SULTRAKINI.COM: KENDARI – Ribuan pelari dari berbagai penjuru Indonesia memadati kawasan Balai Kota Kendari dalam gelaran Kendari Half Marathon 2026, Minggu (26/7/2026). Ajang lari tahunan yang sukses menarik lebih dari 3.000 peserta ini kembali menegaskan posisi Kota Kendari sebagai salah satu destinasi sport tourism yang terus berkembang di Indonesia.
Penyelenggaraan Kendari Half Marathon tahun ini tidak hanya menghadirkan kompetisi olahraga, tetapi juga menjadi ruang promosi pariwisata dan penggerak ekonomi masyarakat. Event yang digelar Pemerintah Kota Kendari melalui Dinas Pariwisata dan Ekonomi Kreatif tersebut berlangsung meriah dengan dukungan berbagai pihak.
Para peserta mengikuti empat kategori lomba, yakni 5 Kilometer (5K), 10 Kilometer (10K), 10 Kilometer Master, dan Half Marathon 21 Kilometer (21K). Seluruh pelari memulai sekaligus mengakhiri perlombaan di halaman Balai Kota Kendari.
Wali Kota Kendari, dr. Hj. Siska Karina Imran, SKM, bersama jajaran Forum Koordinasi Pimpinan Daerah (Forkopimda) secara resmi melepas peserta kategori 5K. Usai prosesi pelepasan, Wali Kota turut berjalan bersama peserta menyusuri rute yang melintasi Jalan Abdullah Silondae, Made Sabara, Jalan Laute, hingga kembali ke Balai Kota.
Sementara itu, Wakil Wali Kota Kendari, Sudirman, ikut ambil bagian sebagai peserta kategori 5K. Kehadirannya di lintasan menjadi bentuk dukungan Pemerintah Kota Kendari terhadap gerakan hidup sehat yang terus digalakkan kepada masyarakat.
Dalam sambutannya, Wali Kota Siska Karina Imran mengatakan Kendari Half Marathon kini telah menjadi agenda tahunan yang menjadi bagian dari pengembangan sport tourism di Kota Kendari.
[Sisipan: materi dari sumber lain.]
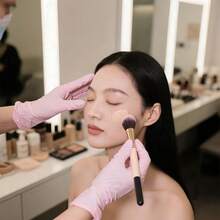 无粉粉色一次性丁腈手套，无盒包装，耐用家用清洁手套，不含乳胶，防水，防静电，多用途手套，亚麻指尖，适用于染发、美容、绘画、艺术创作、家居清洁、厨房、浴室、家居装饰、节日礼物、派对礼品。尺码：S、M、L、XL - 粉色 - 查看 9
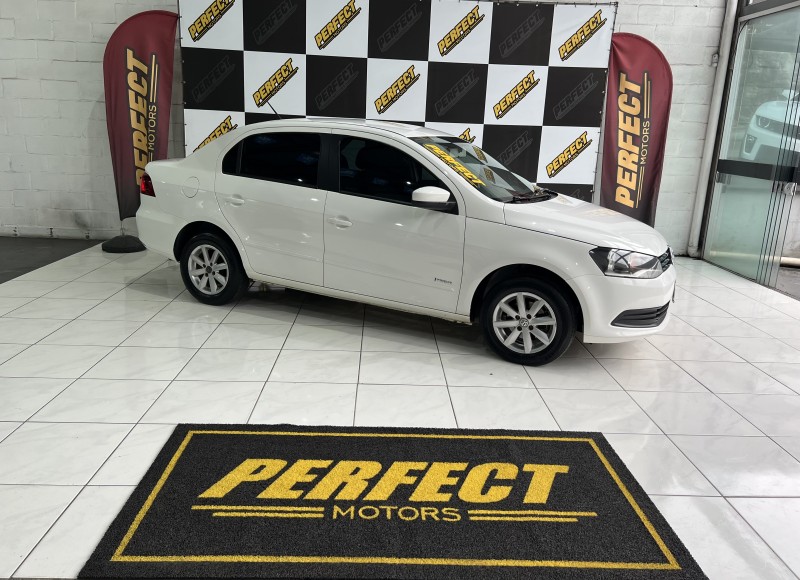 VOYAGE 1.0 MI CITY 8V FLEX 4P MANUAL - 2014 - PORTãO
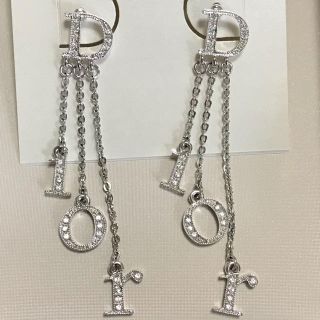 ディオール(Dior)のDior／ディオール　ラインストーンロゴピアス(ピアス)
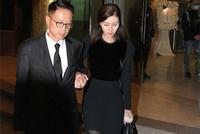 李嘉欣低调现身公公许世勋葬礼 紧牵老公一言不发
“Tahun ini merupakan penyelenggaraan yang ketiga. Alhamdulillah, antusiasme peserta meningkat sangat signifikan. Jika tahun lalu pesertanya sekitar seribuan orang, tahun ini sudah mencapai lebih dari 3.000 pelari. Ini menunjukkan Kendari Half Marathon semakin mendapat tempat di hati masyarakat dan komunitas pelari dari berbagai daerah,” ujar Siska.
Menurutnya, peningkatan jumlah peserta menjadi indikator bahwa Kendari semakin dikenal sebagai kota yang mampu menghadirkan event olahraga berskala besar. Hal tersebut diharapkan dapat terus mendorong kunjungan wisatawan sekaligus memperkenalkan potensi daerah kepada masyarakat luas.
Siska menegaskan, Kendari Half Marathon tidak hanya berorientasi pada olahraga semata, tetapi juga memberikan dampak ekonomi yang nyata bagi masyarakat. Selama rangkaian kegiatan sejak 23 Juli 2026, festival UMKM yang menjadi bagian dari event tersebut berhasil mencatatkan transaksi sekitar Rp500 juta.
“Melalui kegiatan ini kita ingin olahraga, pariwisata, dan ekonomi bergerak secara bersama. Kehadiran ribuan peserta memberikan manfaat bagi pelaku UMKM, sektor kuliner, transportasi, hingga perhotelan di Kota Kendari,” katanya.
Ia juga menyampaikan apresiasi kepada seluruh peserta yang datang dari berbagai daerah di Indonesia. Menurutnya, semangat para pelari menjadi energi positif bagi Kota Kendari untuk terus menghadirkan event yang lebih berkualitas pada tahun-tahun mendatang.
Sebagai penutup, Wali Kota berharap Kendari Half Marathon terus berkembang menjadi agenda olahraga nasional yang mampu menarik lebih banyak peserta setiap tahun. Pemerintah Kota Kendari, kata dia, berkomitmen menjadikan event ini sebagai salah satu ikon sport tourism yang memberi manfaat bagi masyarakat dan perekonomian daerah.
Rangkaian Kendari Half Marathon 2026 ditutup dengan penyerahan hadiah kepada para pemenang di masing-masing kategori lomba, kemudian dilanjutkan dengan penampilan penyanyi Juan Reza yang semakin memeriahkan suasana di kawasan Balai Kota Kendari.